Missing Nodes in Ways

While parsing the latest OSM world data, my parser reported that over 1000 ways contain node references to non-existant nodes. Most of the missing nodes IDs were higher than the highest node ID in the OSM world file. I manually verified that these nodes are not in the file using a hex editor. I have downloaded the last two world files and both had the same problem.

Does this indicate some sort of corruption in the OSM database or a bug in the OSM world data exporter?

For now I am just skipping ways that contain non-existant nodes. Is this the best way to solve this issue currently?

-Mark Granger

Can you give a few way ID’s and the node ID’s that are apparently missing?

Easy! Just look at the very last way in the file. All of its nodes, starting with the first one, are past the maximum node ID in the file.

Edit: To be more precise, the last way is as follows:

The last node is as follows:

This was found using Hex Edit (Version 3.0 - http://www.hexedit.com/)) on the file planet-090701.osm

Note that the time stamp and changeset for the last way are after the time stamp and change set of the last node. I have a feeling that the final bunch of nodes are not getting saved to the world file.

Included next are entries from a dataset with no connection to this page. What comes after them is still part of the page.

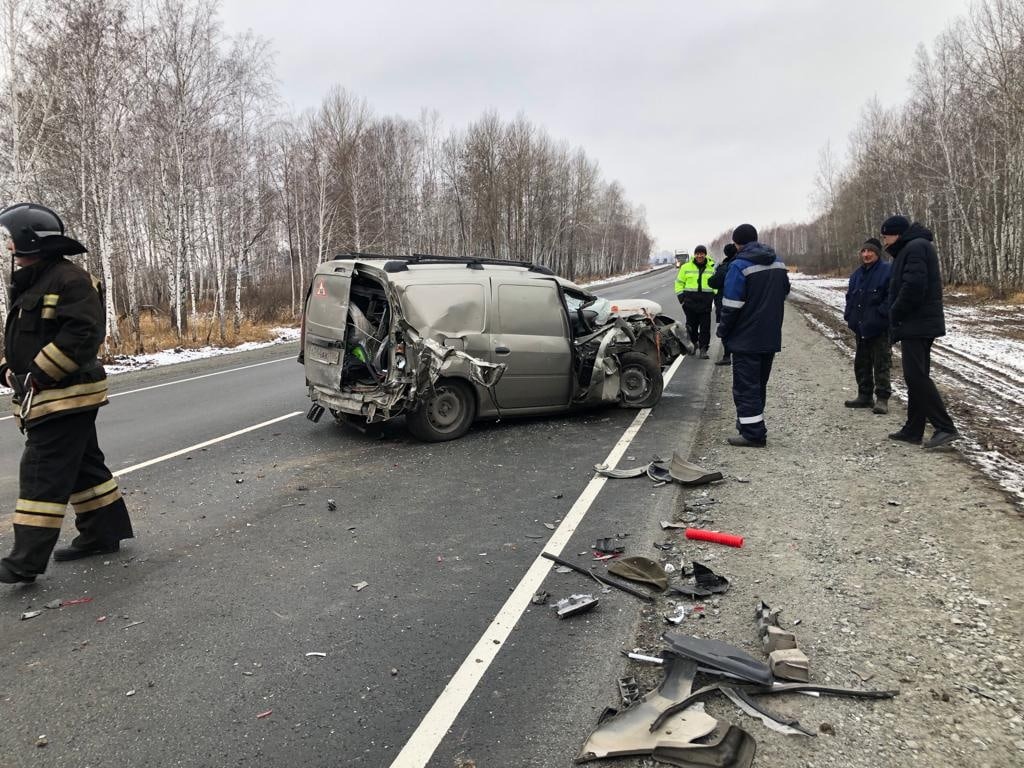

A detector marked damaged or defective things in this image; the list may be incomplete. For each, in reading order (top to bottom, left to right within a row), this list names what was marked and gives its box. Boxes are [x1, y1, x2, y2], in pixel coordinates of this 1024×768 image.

wrecked silver minivan [299, 256, 692, 442]
damaged van tire [614, 354, 663, 409]
damaged van tire [405, 376, 477, 442]
shattered plastic piece [593, 462, 647, 481]
shattered plastic piece [667, 450, 724, 487]
broken car part [667, 450, 724, 487]
shattered plastic piece [593, 536, 622, 557]
shattered plastic piece [684, 532, 741, 548]
broken car part [544, 557, 655, 606]
shattered plastic piece [606, 557, 671, 593]
broken car part [606, 557, 671, 593]
shattered plastic piece [557, 593, 598, 618]
broken car part [557, 593, 602, 618]
shattered plastic piece [659, 634, 770, 688]
broken car part [659, 634, 770, 688]
shattered plastic piece [770, 651, 811, 684]
shattered plastic piece [614, 679, 638, 708]
broken car part [581, 659, 716, 765]
shattered plastic piece [577, 663, 720, 765]
shattered plastic piece [720, 688, 815, 737]
broken car part [720, 684, 815, 741]
shattered plastic piece [651, 729, 757, 768]
broken car part [651, 729, 757, 768]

Note: Not all the missing nodes had IDs past the highest in the file. Some were earlier IDs that were simply missing. I am going to assume that these nodes were re-allocated recently and like the other recent nodes did not get written when the planet file was created.

-Mark Granger

In the OSM-Data the nodes seem to be available:
http://www.openstreetmap.org/browse/node/431377449

So, I guess your planet file is corrupt.

chris

This is expected behaviour from the weekly planet dump. There is no guarantee of integrity on any data that was added to the OSM db after the time the planet file generation has started.

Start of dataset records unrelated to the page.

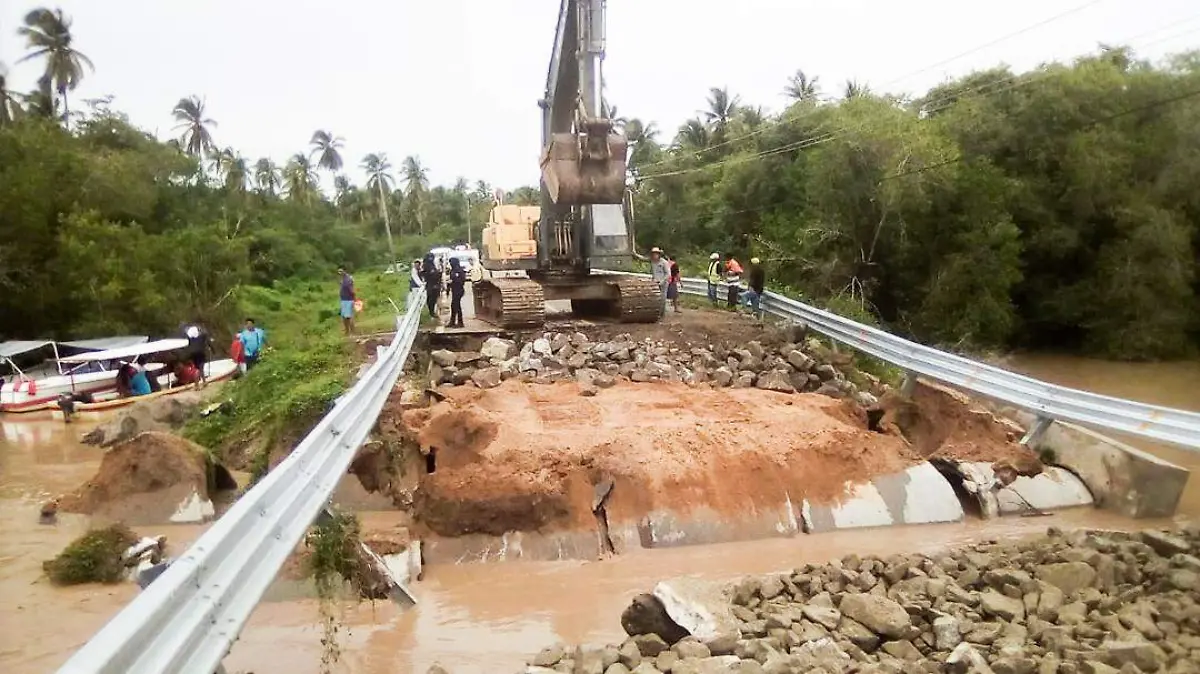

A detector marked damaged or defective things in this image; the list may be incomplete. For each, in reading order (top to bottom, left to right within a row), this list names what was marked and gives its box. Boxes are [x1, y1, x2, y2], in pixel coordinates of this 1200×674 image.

broken concrete slab [801, 458, 960, 532]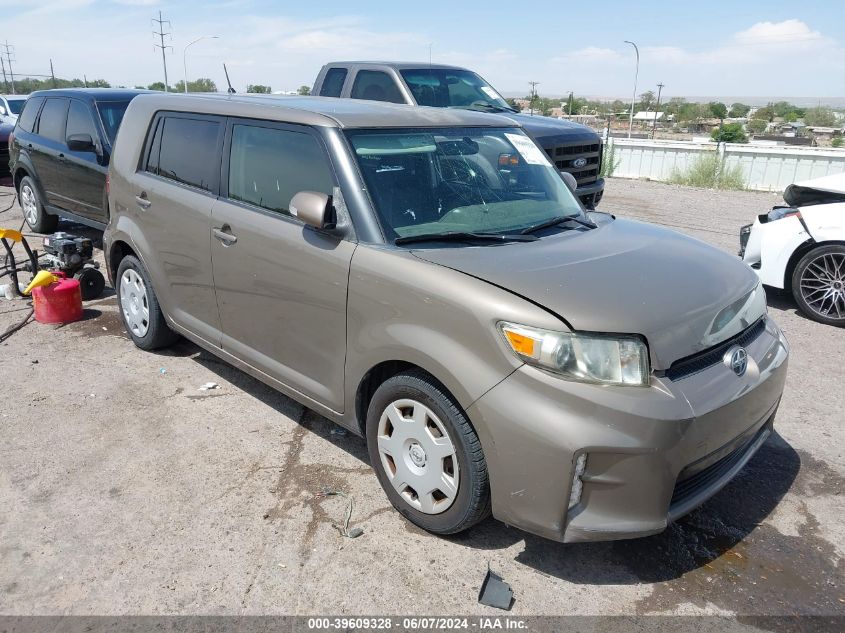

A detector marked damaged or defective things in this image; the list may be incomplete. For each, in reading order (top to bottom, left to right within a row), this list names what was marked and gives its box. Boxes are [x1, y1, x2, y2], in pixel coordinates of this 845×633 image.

white damaged car [740, 173, 844, 326]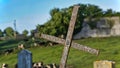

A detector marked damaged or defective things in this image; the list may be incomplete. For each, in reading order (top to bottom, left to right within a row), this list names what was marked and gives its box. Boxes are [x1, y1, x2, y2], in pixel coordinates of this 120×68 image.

rusted cross [38, 5, 99, 68]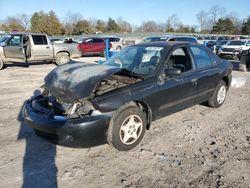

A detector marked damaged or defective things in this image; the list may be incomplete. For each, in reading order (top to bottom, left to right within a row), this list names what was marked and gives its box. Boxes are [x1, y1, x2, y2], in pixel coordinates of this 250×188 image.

crumpled hood [45, 61, 122, 103]
damaged chevrolet cavalier [22, 41, 232, 151]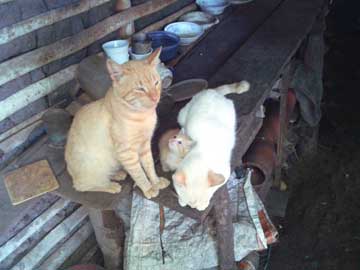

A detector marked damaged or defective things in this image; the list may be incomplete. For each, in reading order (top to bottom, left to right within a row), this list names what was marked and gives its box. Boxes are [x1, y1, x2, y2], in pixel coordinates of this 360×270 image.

rusty metal pipe [243, 89, 296, 200]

It takes a few hours to generate the planet file, and when the nodes have been dumped to the file, someone can still add a new way and associated new nodes. This could then show up only as a way, later in the file.

The only way to get a good file with referential integrity is to take the weekly planet dump, and add the next day’s daily diff file to that:

  1. Fetch the weekly planet (e.g. planet-090708.osm.bz2) and next day’s diff (e.g. 20090708-20090709.osc.gz)

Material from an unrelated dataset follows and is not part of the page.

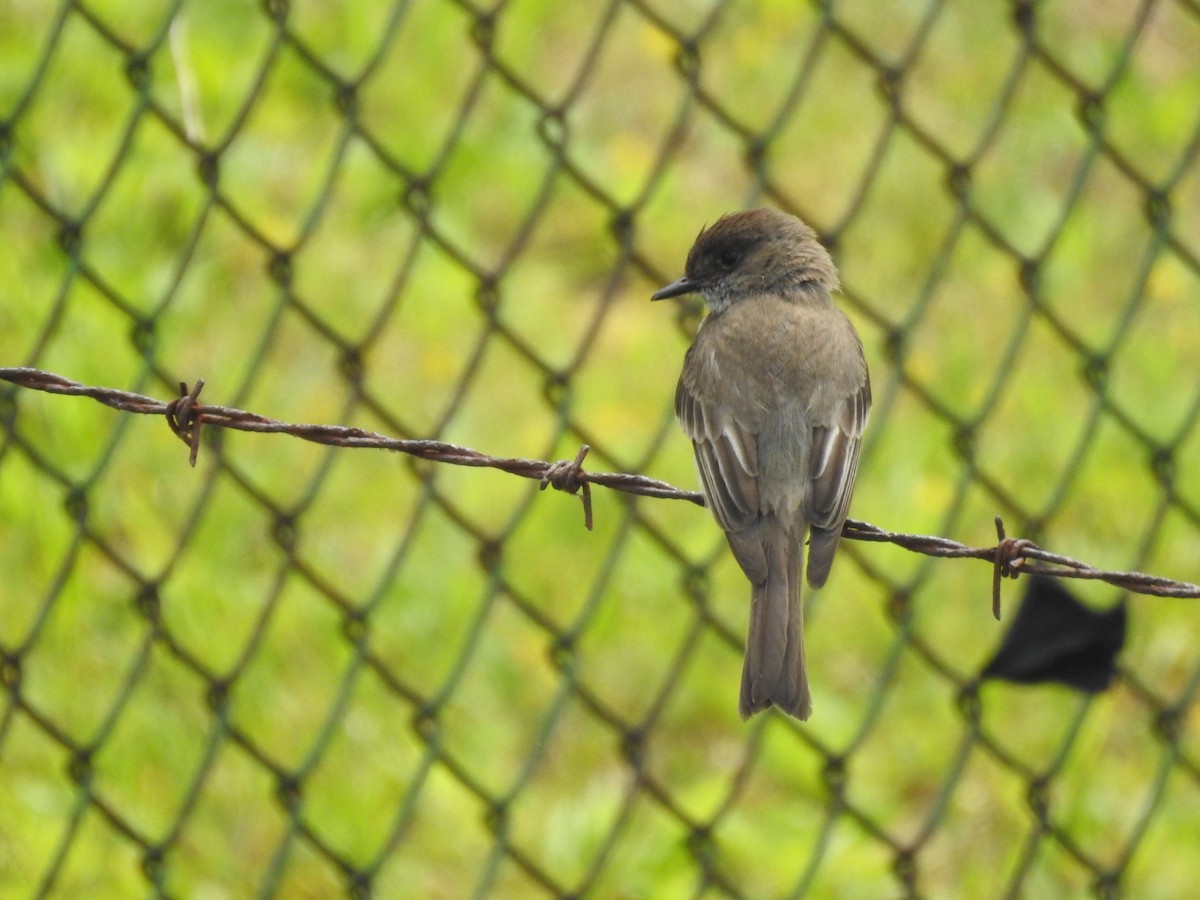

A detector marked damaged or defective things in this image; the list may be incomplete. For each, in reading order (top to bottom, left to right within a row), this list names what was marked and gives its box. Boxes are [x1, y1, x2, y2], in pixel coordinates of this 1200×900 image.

rusty barbed wire strand [4, 367, 1195, 607]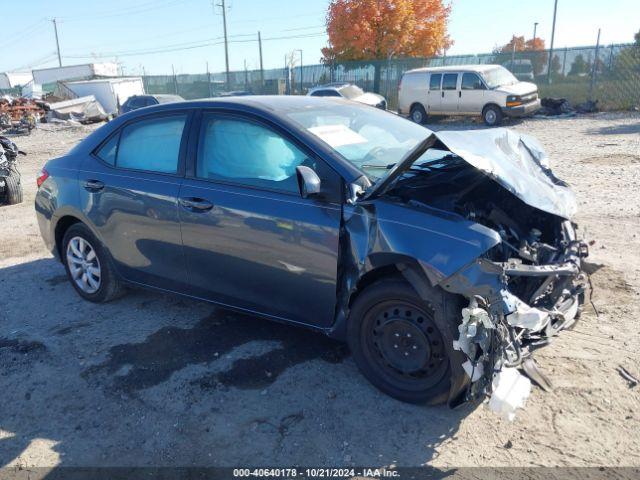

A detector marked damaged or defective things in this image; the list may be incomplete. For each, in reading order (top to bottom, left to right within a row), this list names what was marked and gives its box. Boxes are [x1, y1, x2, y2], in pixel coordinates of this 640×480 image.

damaged gray sedan [33, 95, 584, 414]
crumpled hood [364, 126, 580, 218]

  2. bzcat planet-090708.osm.bz2 | osmosis --rxc 20090708-20090709.osc.gz --rx - --ac --wx planet-090709.osm.gz

I wish to propose a change to the way the weekly planet dumps are produced.

  1. Create the weekly planet dump file as usual but do not release it.
  2. The next day, apply the diff file as you describe to the dump file.
  3. Release the merged planet dump file.

I think that it would be worth waiting an extra day to download a non-corrupt world file.

-Mark Granger

It’s just a dump, and for a lot of needs quite useful already as-is.

That’s not to say what you propose couldn’t be done, either additionally or instead of the current dump. I suggest you send your proposal to the dev mailing list, where the admins are more likely to see it than on this forum.